Use `references/output-templates.md` when you want a reusable answer skeleton.
## Practical heuristics
### Often bullish for speculative expansion
- the meme or story is instantly repeatable
- attention is accelerating, not just present
- volume expands with the move
- pullbacks are bought
- exchange accessibility improves
- more mainstream crypto accounts begin to mention it
### Often a sign it is late
- everyone is already talking about it
- the chart has been vertical for days
- promotion is everywhere after the main move already happened
- price keeps spiking while structure gets messier
### Often a sign to avoid
- no trustworthy liquidity information
- suspicious ownership concentration
- clearly manufactured chart behavior
- incoherent or constantly shifting explanation
- obviously botted or repetitive social activity
## What not to do
- Do not describe a coin as safe.
- Do not confuse a polished whitepaper with breakout potential.

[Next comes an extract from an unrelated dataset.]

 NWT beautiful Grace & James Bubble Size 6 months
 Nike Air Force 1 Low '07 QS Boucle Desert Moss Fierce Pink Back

- Do not imply expected returns.
- Do not recommend leverage.
- Do not ignore slippage and exit risk.
- Do not push microcaps on beginners unless the user explicitly asks for extreme risk.
## Optional deeper pass
If the user wants more depth, expand in this order:
1. narrative and timing
2. liquidity and market structure
3. holder / tokenomics risk
4. why it could become a runner
5. why it probably will not
6. watch triggers
### For hourly reviews
Use `references/review-template.md` structure:
- Decision quality breakdown
- Market context
- Strategy adjustments recommended
- Action items for next hour
## References
Read `references/provider-playbook.md` for source selection and provider roles.
Read `references/user-data-layout.md` for private state layout under `~/.coinhunter/`.
Read `references/radar-checklist.md` for a quick scoring framework.
Read `references/search-workflow.md` for active discovery.
Read `references/output-templates.md` for compact response structure.
Read `references/scam-signals.md` for sharper scam / fake-hype judgment.
Read `references/provider-playbook.md` for data source selection.
Read `references/user-data-layout.md` for private state management.
Read `references/short-term-trading-framework.md` for the hybrid trading framework.
Read `references/review-template.md` for hourly report formatting.
Read `references/scam-signals.md` when evaluating meme coins.